To compose boolean expressions with AND or OR, use the respective & and | operators:

In [28]: cond = (t.two < 0) | ((t.two > 0) | t.one.isin(['A', 'B']))

In [29]: filtered = t[cond]

In [30]: print(ibis.impala.compile(filtered))
SELECT *
FROM my_data
WHERE ((`two` < 0) OR ((`two` > 0) OR `one` IN ('A', 'B')))

Aggregation / GROUP BY

To aggregate a table, you need:

  • Zero or more grouping expressions (these can be column names)
  • One or more aggregation expressions

Let’s look at the aggregate method on tables:

In [31]: stats = [t.two.sum().name('total_two'),
   ....:          t.three.mean().name('avg_three')]
   ....: 

In [32]: agged = t.aggregate(stats)

If you don’t use any group expressions, the result will have a single row with your statistics of interest:

In [33]: agged.schema()
Out[33]: 
ibis.Schema {  
  total_two  double
  avg_three  double
}

In [34]: print(ibis.impala.compile(agged))
SELECT sum(`two`) AS `total_two`, avg(`three`) AS `avg_three`
FROM my_data

To add groupings, use either the by argument of aggregate or use the group_by construct:

In [35]: agged2 = t.aggregate(stats, by='one')

In [36]: agged3 = t.group_by('one').aggregate(stats)

In [37]: print(ibis.impala.compile(agged3))
SELECT `one`, sum(`two`) AS `total_two`, avg(`three`) AS `avg_three`
FROM my_data
GROUP BY 1

Non-trivial grouping keys

You can use any expression (or function, like in projections) deriving from the table you are aggregating. The only constraint is that the expressions must be named. Let’s look at an example:

In [38]: events = ibis.table([('ts', 'timestamp'),
   ....:                      ('event_type', 'int32'),
   ....:                      ('session_id', 'int64')],
   ....:                      'web_events')
   ....: 

Suppose we wanted to total up event types by year and month:

In [39]: keys = [events.ts.year().name('year'),
   ....:         events.ts.month().name('month')]
   ....: 

In [40]: sessions = events.session_id.nunique()

In [41]: stats = (events.group_by(keys)
   ....:          .aggregate(total=events.count(),
   ....:                     sessions=sessions))
   ....: 

Now we have:

In [42]: print(ibis.impala.compile(stats))
SELECT extract(`ts`, 'year') AS `year`, extract(`ts`, 'month') AS `month`,
       COUNT(DISTINCT `session_id`) AS `sessions`, count(*) AS `total`
FROM web_events
GROUP BY 1, 2

Aggregates considering table subsets

In analytics is it common to compare statistics from different subsets of a table.

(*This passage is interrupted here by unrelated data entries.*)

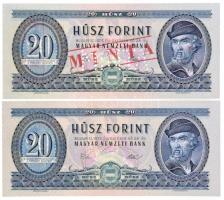 1975. 20Ft "C000 000613" sorozat és sorszámmal illetve piros "MINTA" felülnyomással és perforációval, nyomdai festékfoltokkal + 1975. 20Ft T:I / Hungary 1975. 20 Forint with "C000 000613" serial number and with red "MINTA(SPECIMEN)" overprint and perforation and typographical paint stains + 1975. 20 Forint  C:UNC  Adamo F16Ma,F16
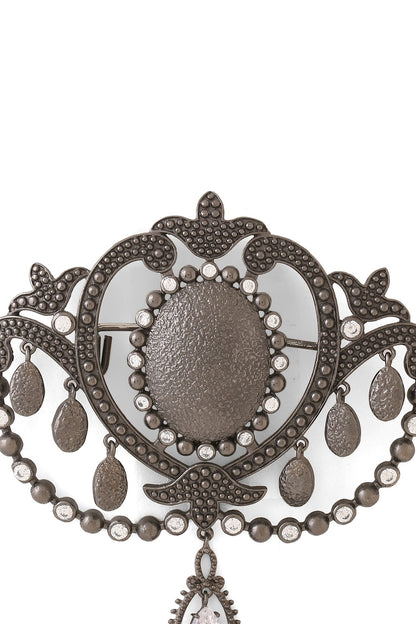 Grey Brass Brooch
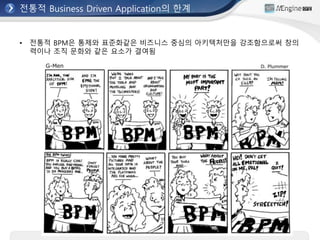 전통적 Business Driven Application의 한계
• 전통적 BPM은 통제와 표준화같은 비즈니스 중심의 아키텍처만을 강조함으로써 창의
력이나 조직 문화와 같은 요소가 결여됨
 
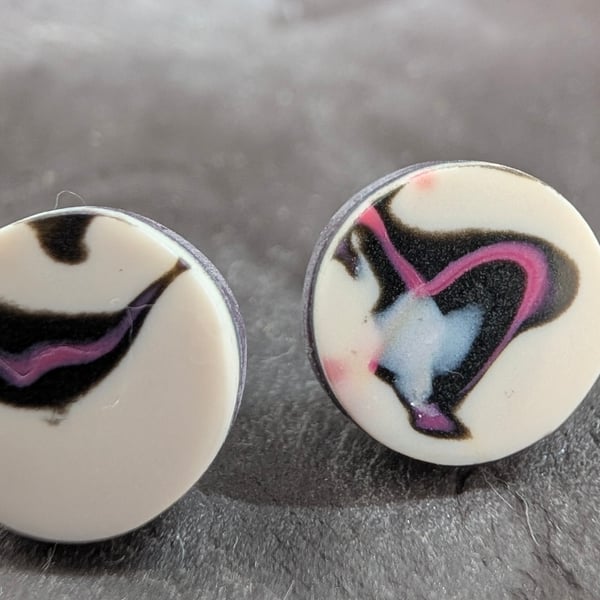 small abstract stud earrings, pink black and white, handmade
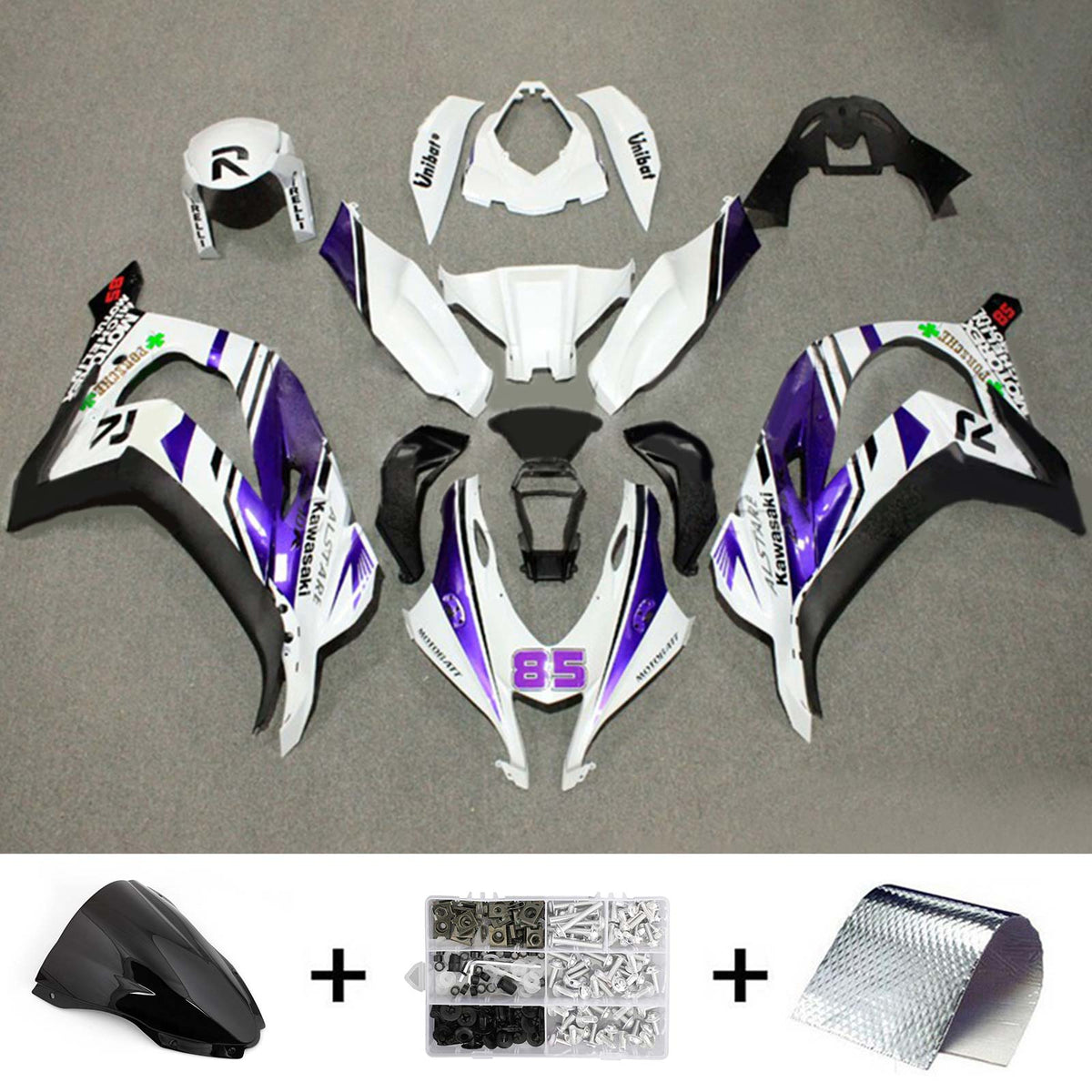 Amotopart 2016-2020 ZX10R Kawasaki Kit de carenado blanco y morado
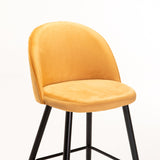 MADDIE VELVET KITCHEN STOOL - MUSTARD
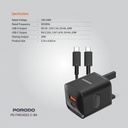 Porodo Dual port Wall Charger UK with Type-C Cable - Black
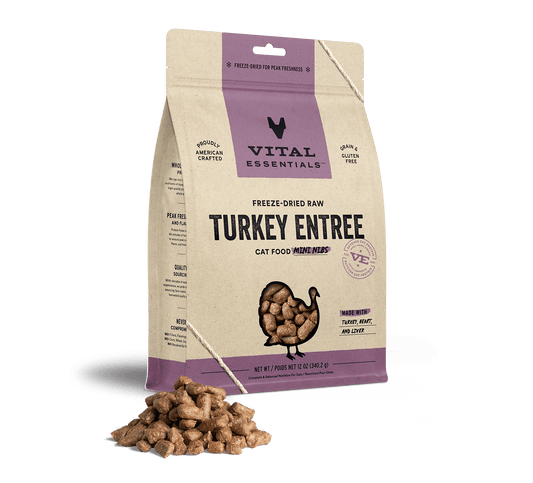 Vital Essentials Turkey Entree Mini Nibs Freeze-Dried Raw Cat Food
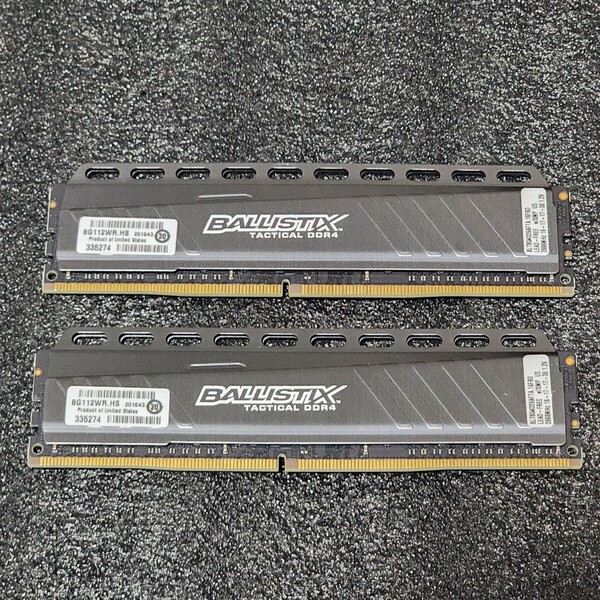 CRUCIAL BALLISTIX TACTICAL DDR4-2666MHz 16GB (8GB×2枚キット) BLT8G4D26AFTA.16FBD 動作確認済み デスクトップ用 PCメモリ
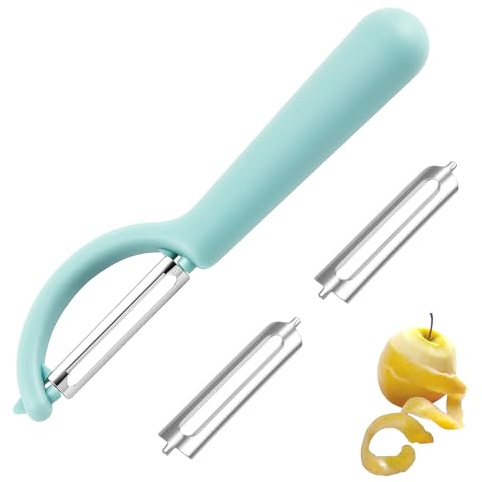 P-Schäler Sparschäler für Tupperware,mit 2 Edelstahl Ersatzklingen,Kartoffelschäler,Turbo SchäLer,Gurkenschäler,Abziehbarem Teigschaber,Leicht Kunststoffgriff Vegetable Peeler zur Tupper (Hellblau)
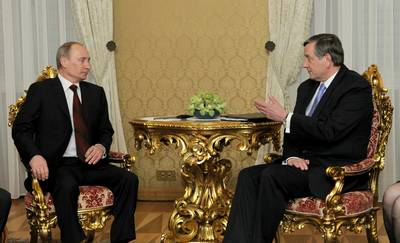 The President of the Republic of Slovenia, Dr Danilo Türk, receives the Russian Prime Minister, Vladimir Putin (photo: Daniel Novakovič/STA)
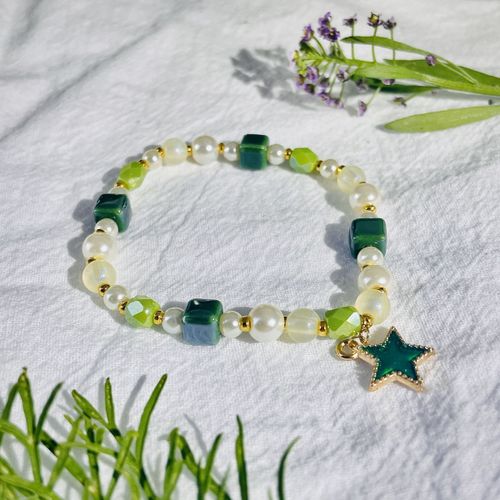 Bracelet Perlé En Cristal De Céramique Verte Douce Coréenne Pour Femme, Pendentif Étoile Bohème, Bijoux À La Main Élastiques, Accessoires Y2k, Cadeaux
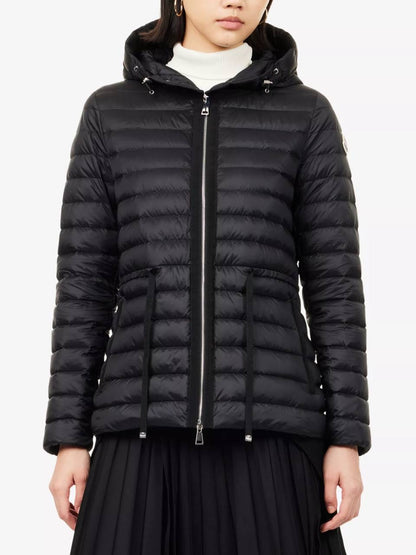 MC Raie Hooded Short Down Gathered Waist Drawstring Jacket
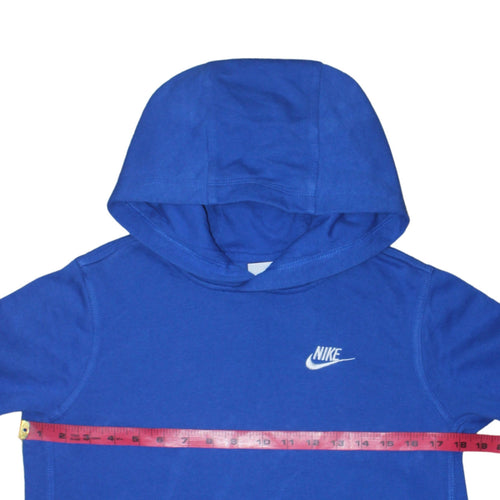 Nike Blue Pullover Hoodie Teens L Logo Cotton Blend Fleece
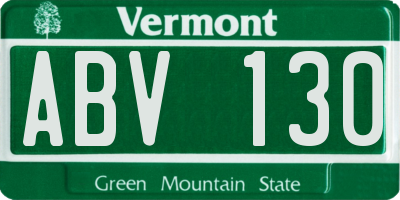 VT license plate ABV130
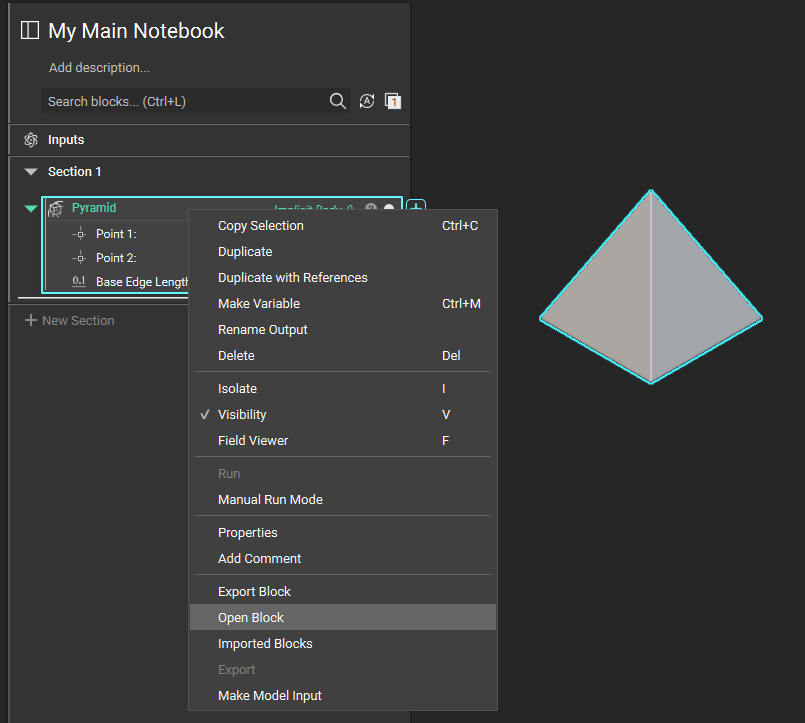 An image showing how to open the imported custom block in the active notebook using the right click menu.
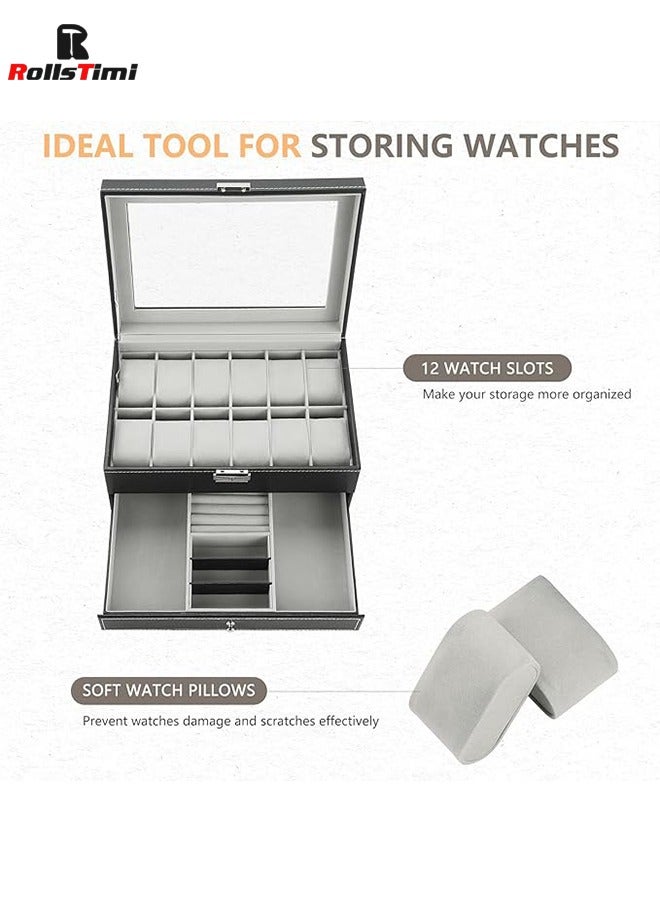 RollsTimi  12 Slots Watch Case with Jewelry Organizer Drawer for Women Men, PU Leather Watch Collection Box with Glass Lid & Removable Pillows, 2 Layers Watch Organizer Box - Image 4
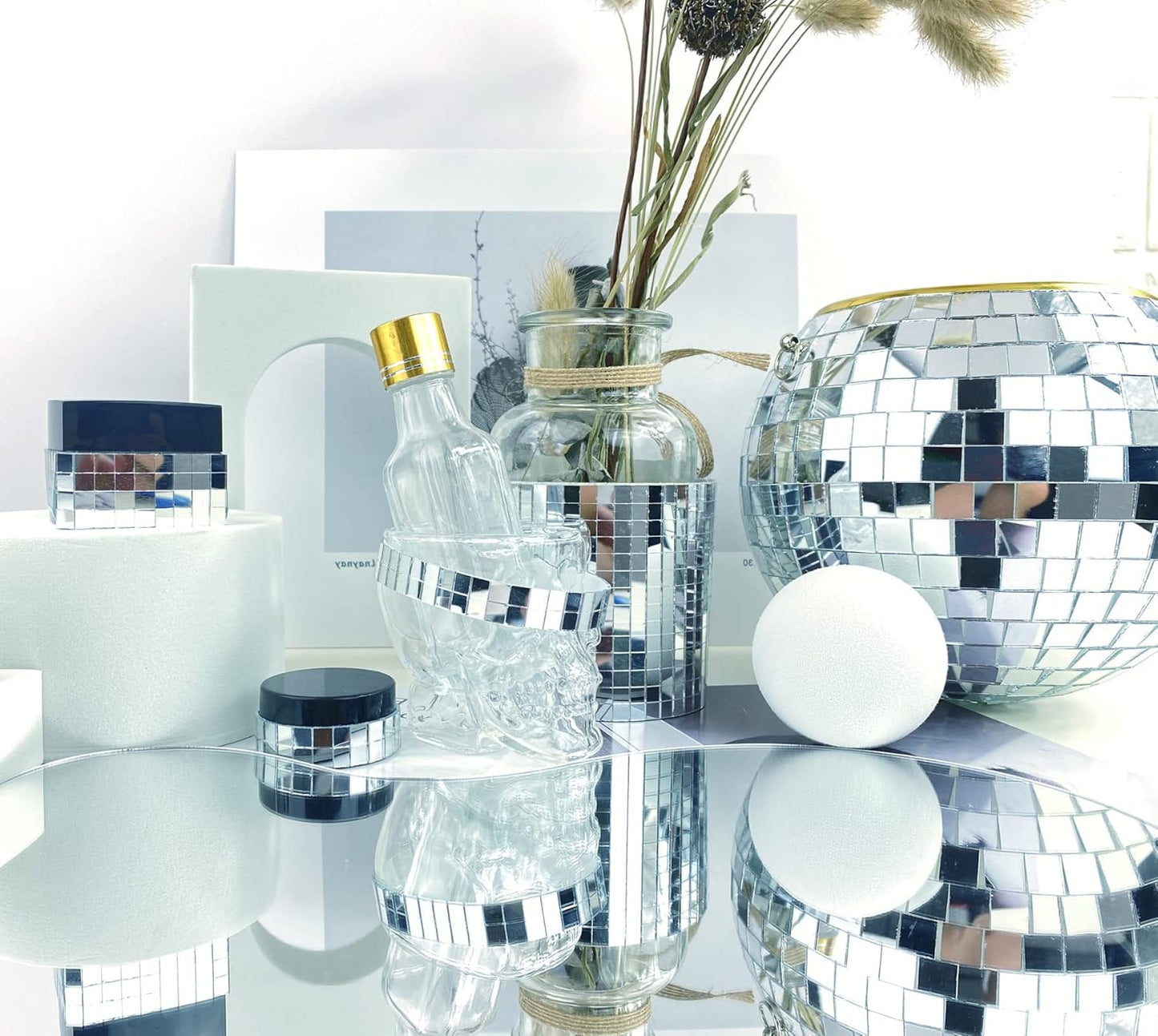 REDODEDO 3600pcs Real Glass Silver Mirrors Mosaic Tiles Sticker for Craft Square Glass Tiles Self Adhesive,5mm by 5mm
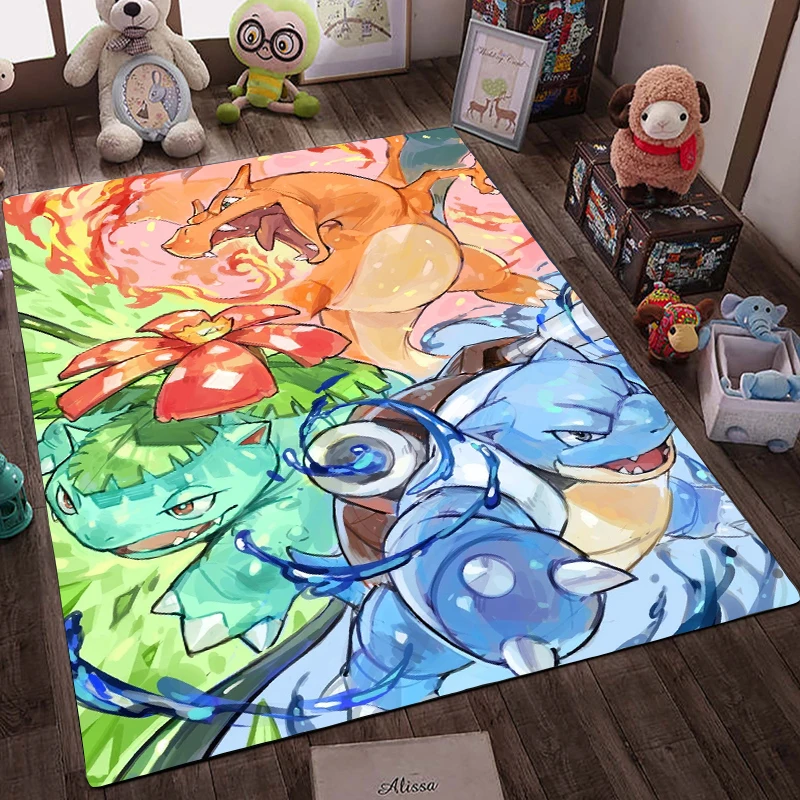 MINISO Cartoon Pokemon Cute Pikachu 3D Carpet Rug for Bedroom Living Room Home Sofa Decoration,kids Large Decor Floor Mat Gift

Let’s consider a dataset containing people’s name, age, gender, and nationality:

In [43]: pop = ibis.table([('name', 'string'),
   ....:                   ('country', 'string'),
   ....:                   ('gender', 'string'),
   ....:                   ('age', 'int16')], 'population')
   ....: 

Now, suppose you wanted to know for each country:

  • Average overall age
  • Average male age
  • Average female age
  • Total number of persons

In SQL, you may write:

SELECT country,
       count(*) AS num_persons,
       AVG(age) AS avg_age
       AVG(CASE WHEN gender = 'M'
             THEN age
             ELSE NULL
           END) AS avg_male,
       AVG(CASE WHEN gender = 'F'
             THEN age
             ELSE NULL
           END) AS avg_female,
FROM population
GROUP BY 1

Ibis makes this much simpler by giving you where option in aggregation functions:

In [44]: stats = dict(
   ....:    num_persons=pop.count(),
   ....:    avg_age=pop.age.mean(),
   ....:    avg_male=pop.age.mean(where=pop.gender == 'M'),
   ....:    avg_female=pop.age.mean(where=pop.gender == 'F')
   ....: )
   ....: 

In [45]: expr = pop.group_by('country').aggregate(**stats)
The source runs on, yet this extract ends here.